The world had gone mad with a lie, and only one man seemed to notice or care. In the fourth century, a shadow fell over the professing church as the Arian heresy—the claim that Jesus Christ was a created being and not the eternal God—spread like a leaven through the halls of power. It was a “great falling away” in its own time, a cultural and political tide that swept up bishops and emperors alike. Standing against this deluge was a small man of North African descent, a “black dwarf” as his enemies called him, whose soul was forged in the fire of the Word. Athanasius of Alexandria knew that if the Savior was not God, then the cross was a failure and the hope of the Lord’s return was a hollow myth. He understood that “without controversy great is the mystery of godliness: God was manifest in the flesh” (1 Timothy 3:16), and upon this rock, he planted his feet.
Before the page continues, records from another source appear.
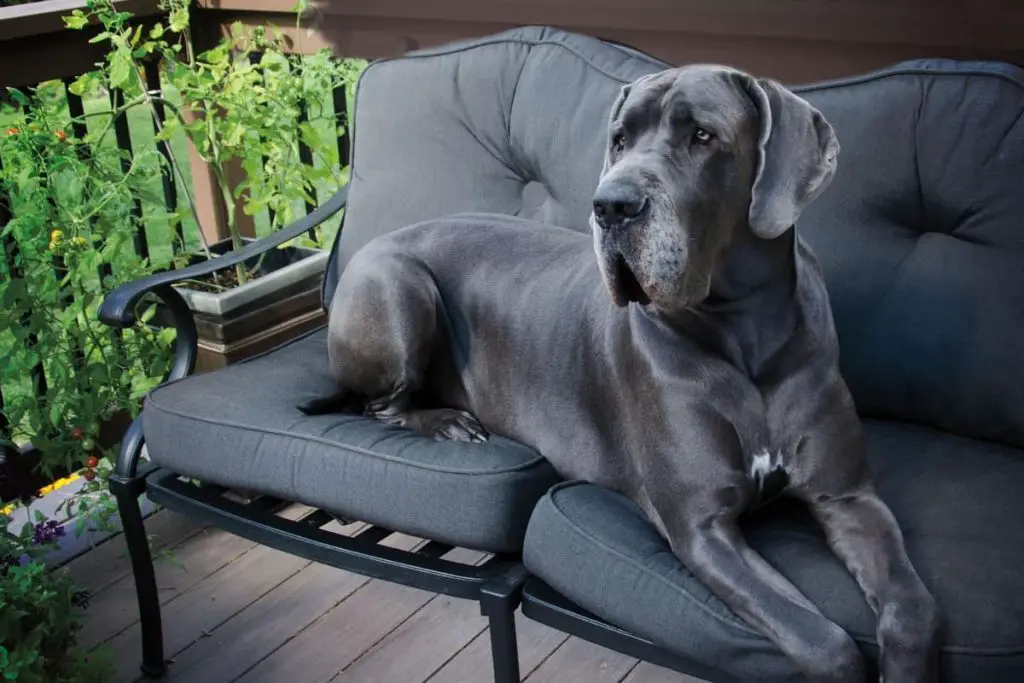 The Ultimate Guide to Caring For Your Great Dane Puppy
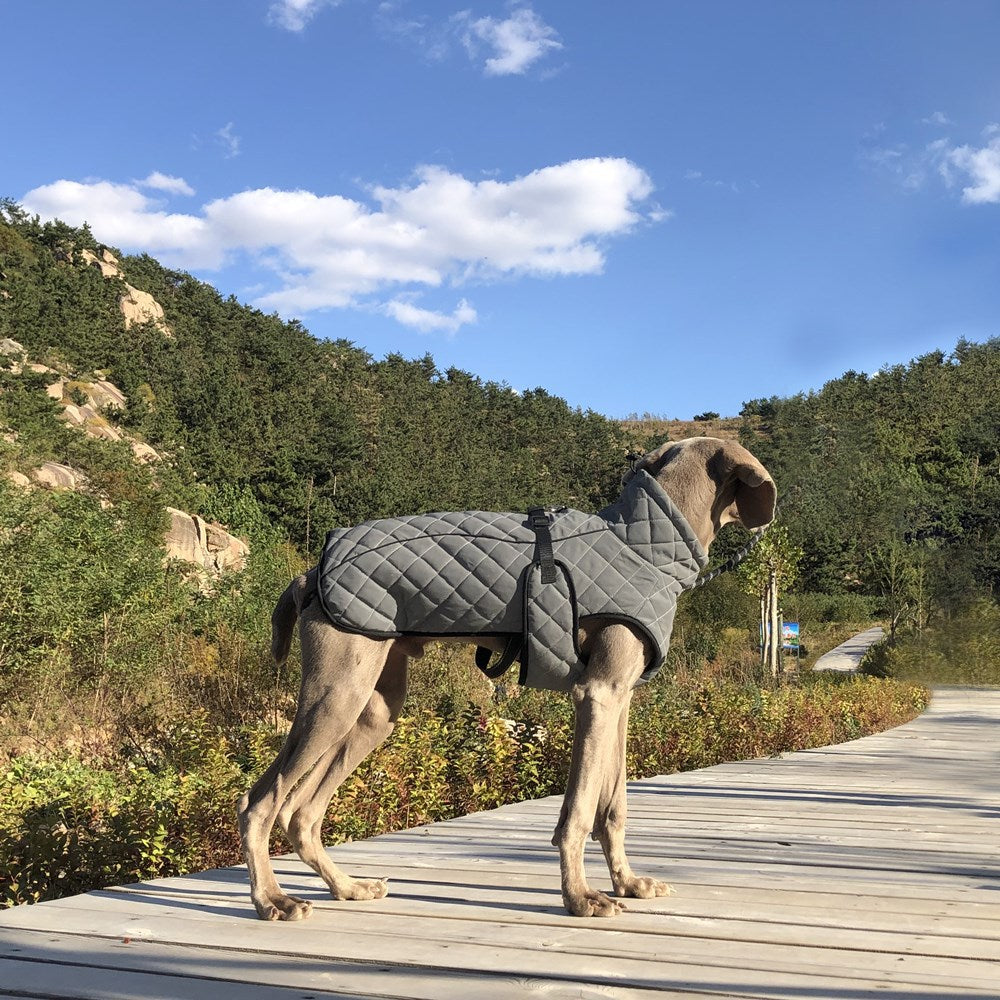 Unleash Adventure with Our Full Body Reflective Tactical Pet Jacket!
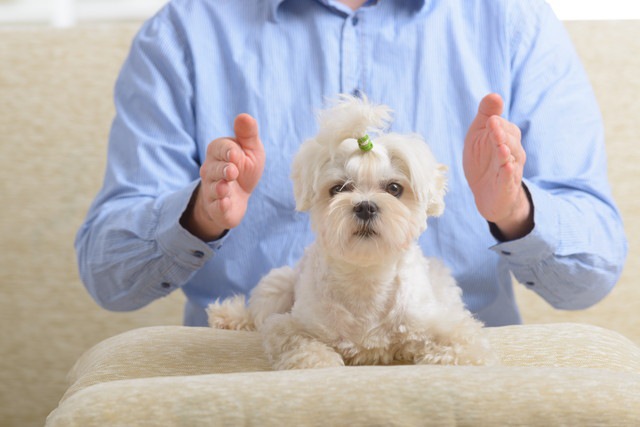 おしりを触られそうな犬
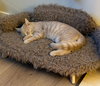 Gus - Photo 4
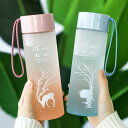水筒 メンズ レディース プラスチックボトル 携帯用 持ち手 おしゃれ 北欧風 マット加工 スポーツ アウトドア 普段使い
Athanasius did not seek the path of least resistance or the “unity” of a compromised peace. He was a man of the “Ancient Paths,” one who recognized that the truth is not subject to a majority vote. Five times he was driven from his home and his flock, forced to hide in the tombs of the desert and among the monks of the wilderness while the world screamed for his head. When he was told that the whole world was against him, he replied with the holy audacity that defines the Remnant: “Then Athanasius is against the world.” He was a living embodiment of the command to “watch ye, stand fast in the faith, quit you like men, be strong” (1 Corinthians 16:13). He saw through the sophisticated arguments of the heretics, identifying them as the “grievous wolves” Paul warned would enter in, not sparing the flock.
The name Athanasius, meaning “immortal,” was shared by others who stood in the gap when the foundations were shaken. History records Athanasius of Mount Athos, who in a later century sought the purity of a life separated unto God, refusing to allow the distractions of the world to dim his vision of the Holy. These men of the same name understood that to be “immortal” in the eyes of God is to die to the opinions of men. They lived as those who were “not ashamed of the gospel of Christ” (Romans 1:16), even when that Gospel made them outcasts in their own land. Athanasius of Alexandria’s life was a forensic defense of the deity of the King, a man who lived as if he could hear the footsteps of the Lord at the door even while he was hiding in a dark cistern to escape the Emperor’s soldiers.